Currently, the vast majority of plant tissue culture methods employ a solid 
phase medium as a growth substrate for plant calli and plant tissue 
explants. The typical solid or semi-solid medium utilized is an agar type 
substrate, such as that described in Gamborg and Shyluk, "Nutrition, Media 
and Characteristics of Plant Cell and Tissue Cultures", Plant Tissue 
Culture: Methods and Application in Agriculture, Academic Press, 1981; 
Helgeson, "Plant Tissue and Cell Suspension Culture", Tissue Culture 
Methods for Plant Pathologists, Blackwell Scientific Publishing, 1980, 
page 19. Using an agar substrate, the plant tissues themselves are placed 
directly on the solid medium which is dosed with the nutrient requirements 
of the plant cells growing thereon. It is recognized, however, that many 
such nutrients and also cellular metabolites do not diffuse as effectively 
across a solid or semi-solid agar matrix as compared with their rates of 
diffusion in aqueous solution. Therefore, around plant cell cultures grown 
on a solid phase agar substrates, chemical gradients of both nutrient 
components and cellular metabolites tend to be generated in the agar layer 
surrounding the cultured plant tissues. These gradients can cause 
undesirable or imbalanced chemical conditions in the environment 
immediately about the growing plant callus or tissue which can sometimes 
interfere with effective continuous growth of the cultured plant tissues. 

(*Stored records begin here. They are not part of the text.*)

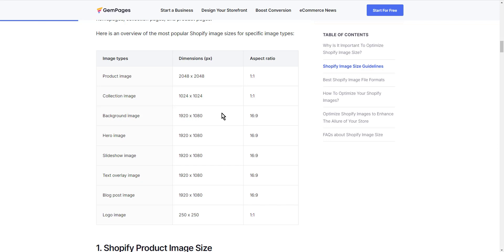The best way to avoid this problem is to use an image that's already the correct size for your needs. If your images are blurry on Shopify, it's likely because you haven't optimized them for the web.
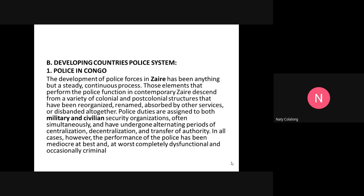Police duties in Zaire are assigned to both military and civilian security organizations, often simultaneously, and have undergone alternating periods of centralization, decentralization, and transfer of authority. In all cases, however, the performance of the police has been mediocre at best — and in worse cases, completely dysfunctional and occasionally criminal. There were anomalies among the police forces during the early times in Zaire.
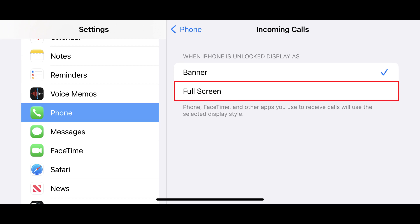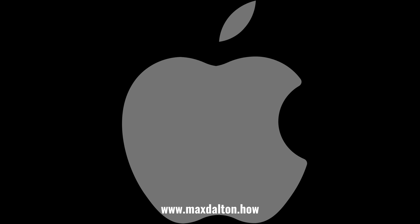Step 3: Tap Incoming Calls. The Incoming Calls menu is shown. Step 4: Tap Full Screen to place a check mark next to that option. Going forward, whenever you receive phone calls while your iPhone is unlocked, you'll receive a full screen call notification rather than a banner.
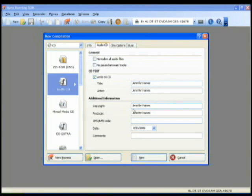And you can put in any other information that you want here. I'm just putting the artist name. And then I'll go ahead and click the new button.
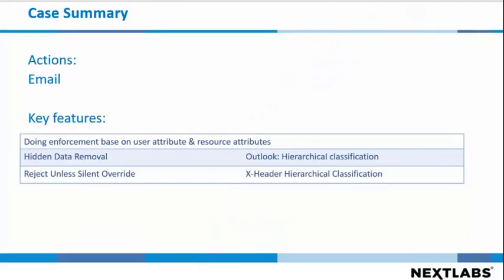The case summary: actions against the emails. The key features are doing enforcement based on user attribute and resource attributes. The following are part of those key features: hidden data removal, reject unless silent override, Outlook itself hierarchical classification, and X header hierarchical classification.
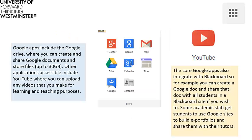Once signed in, you will see any mail that has been sent to your university Gmail account, and in the top right you will see a portcullis-like symbol. If clicked, this provides links through to other applications that are linked to your university Gmail account.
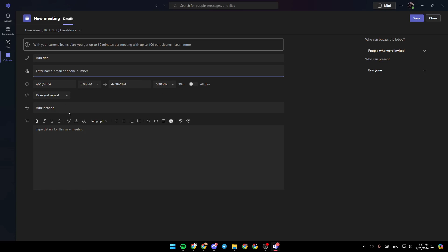Right here, you can add a location for the meeting. And lastly, right here is the description box where you can add or type details for this new meeting. Once you finish, click on save, and your meeting will be created.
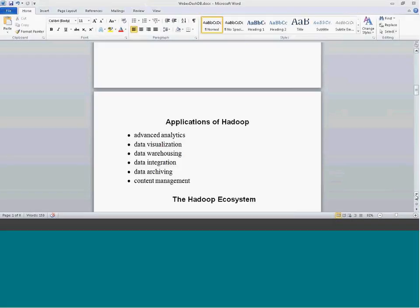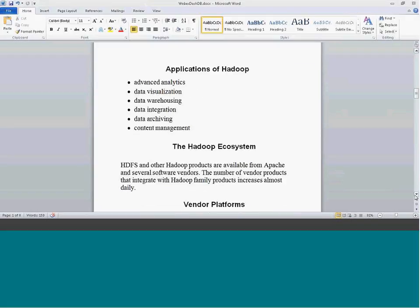We talked about the main components in the Hadoop ecosystem. This is under the open source Apache distribution of Hadoop, with main components including the Hadoop Distributed File System (HDFS), MapReduce, and a few others like Hive, Pig, Sqoop, and HBase. These are the main components under the open source Apache Hadoop distribution.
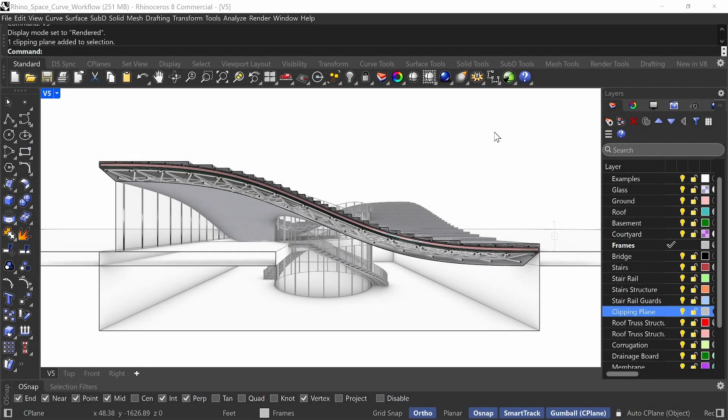In this video course, we're going to learn how to create a section perspective in Rhino. You can use any version of Rhino to create the section perspective. The beauty of a section perspective is that the section cut itself is to scale, and the rest of the drawing is in perspective. So you get to read a lot of spatial information and detailed information at the same time. So let's just go ahead and get started.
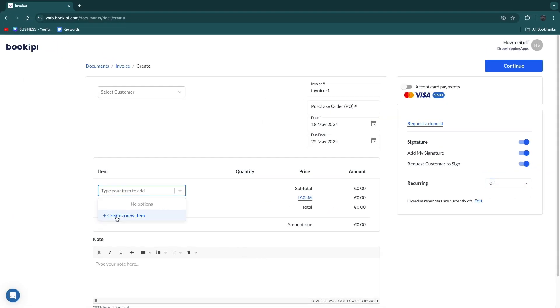Now here for the item, add the item that you are sending the invoice for. This can be a digital service, a physical product, whatever. Then the amount and subtotal and stuff will all be added automatically from the item.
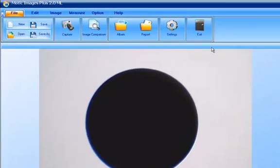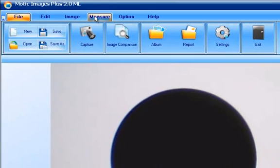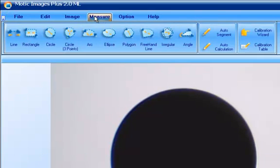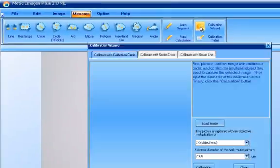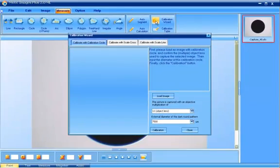So this is the image that we've just captured. In order to calibrate, click on the measurement tab and find and click on the calibration wizard.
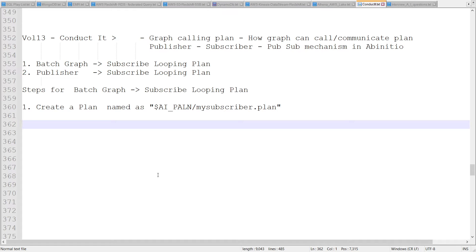Hello friends, welcome to Data Pandit. Today we are going to see one more important concept in Ab Initio which is related to conduct, and also it is related to the continuous graph and the batch graph. We'll look at how the batch graph can communicate to a plan — in other words, how a graph can call a plan. We'll create one graph which is going to call the plan, and my plan will be subscribing to the content received from the graph.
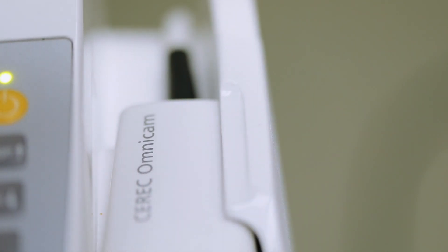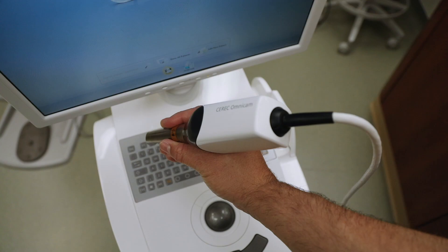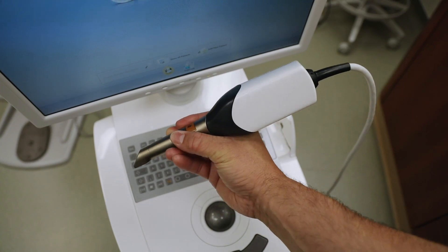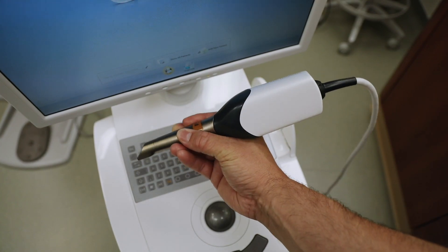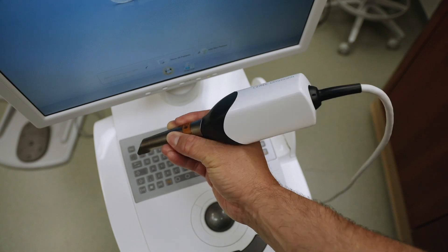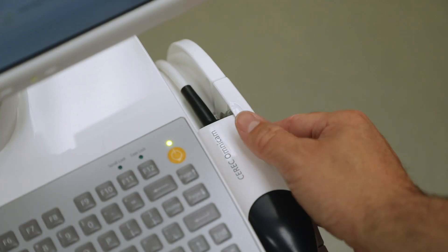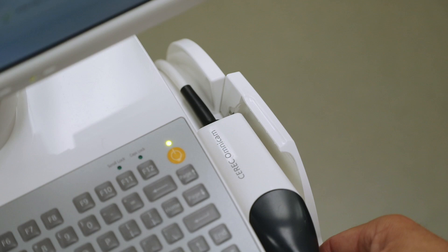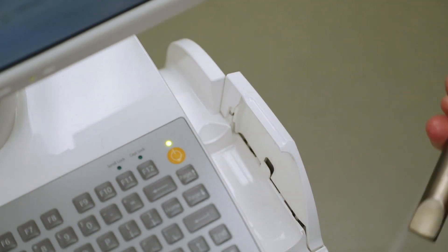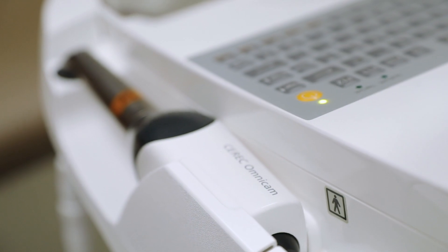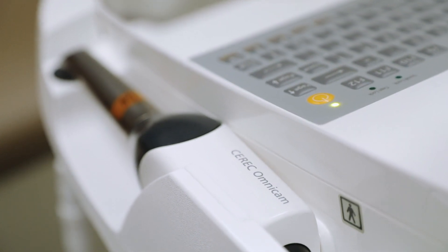When you are ready to use the Omnicam camera, unlock it and pick up the camera. The camera is held the same way you would hold a handpiece. Where the camera lens touches the main part of the machine, you will see a black circular area with an exclamation sign on it. This is the heating element.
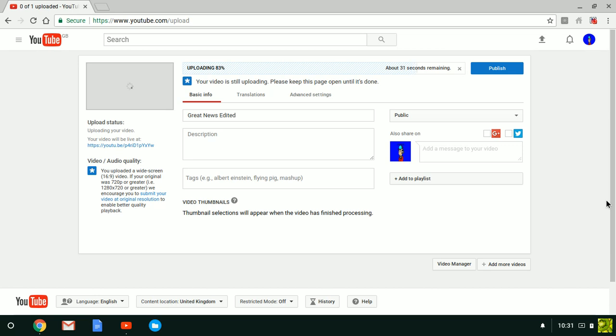How about you watch something else while this is uploading? Or maybe, I don't know, you gotta do something.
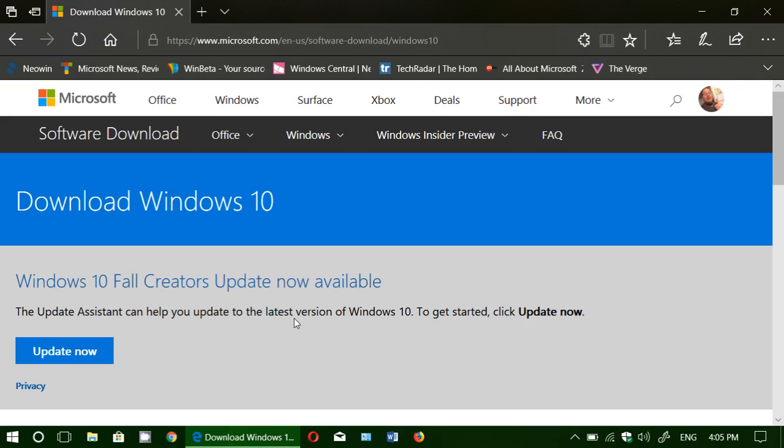And basically what I did is he kind of talked about wanting to be on Windows 10 and I said, you know what, you are perfect for a test that I need to do.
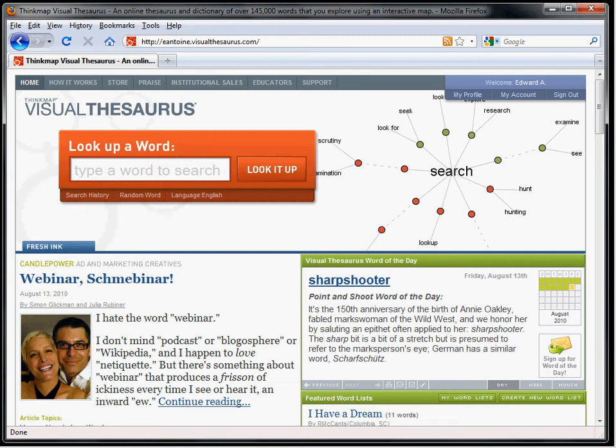I'll first open the visual thesaurus by looking up a word representing a topic I'm interested in. I'll type in Glazier.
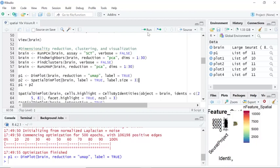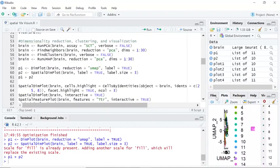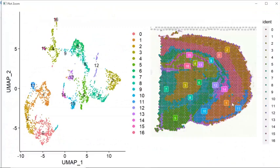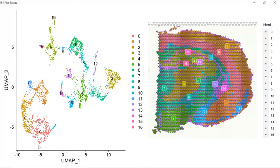Let's also run the SpatialDimPlot function. Now we can visualize the spots clusters and the spots position on the image. We can zoom in. You can see the spots clusters on the left hand side.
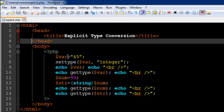On line 7 I have created a variable called var and assigned to it the string value 45. In the last tutorial on implicit type conversion, we saw that if you want to perform a mathematical operation on a string value that has digits in it, you could rely on PHP to convert it to an integer or fractional value. But you can't always rely on PHP, so if you want to do it yourself, the way to do it is by using the settype() function.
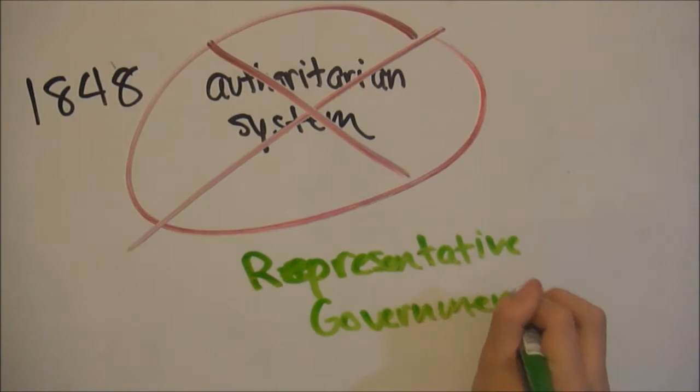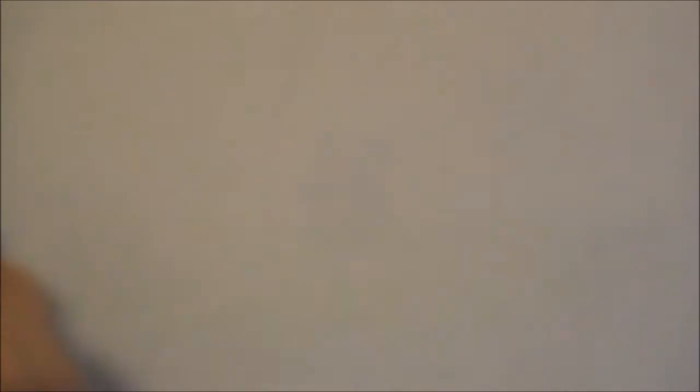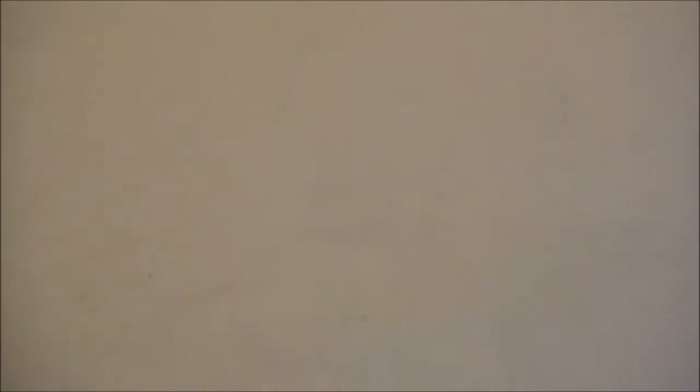In 1848, German states tried to get rid of an authoritarian system and replace it with a representative form of government. This was the only opportunity for Engels and Marx to participate directly in a revolution. This revolution failed, and Engels was forced to become a businessman.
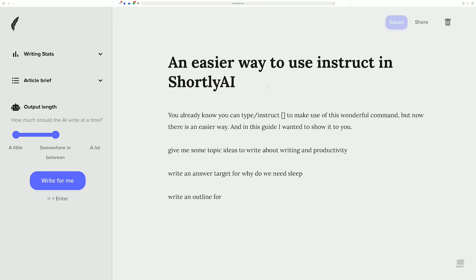Just really quick — you already know that you can type out slash instruct, like this. I'm in Shortly right now and I just want to show you the new way, or really just an alternate way of using instruct. Instruct is the command in Shortly that gives it superpowers that you really want to use, because it will bring you a lot more success in your writing.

The deleterious effects of the development of these gradients can be 
partially reduced by frequent transfer of the callus or culture tissues to 
fresh culture plates. This practice is, however, relatively expensive and 
laborious since the tissue cultures must be individually transferred by 
hand from new to old plates. Furthermore, the continuous growth of the 
cultured specimens is often disturbed, sometimes irreparably, because of 
this manipulation, and the handling of the cultures increases the chance 
of microbial contamination of the growing cultures and their media. 
One other previously used method of fostering the growth of plant cell 
cultures or calluses is to grow the cultures on filter paper bridges 
folded and inserted into a culture vessel, such as a test tube, supplied 
with a quantity of liquid nutrient medium. The liquid medium travels up 
the filter paper bridge by capillary action and thus provides nutrients to 
the plant tissues or callus cultures grown on the filter paper bridge. 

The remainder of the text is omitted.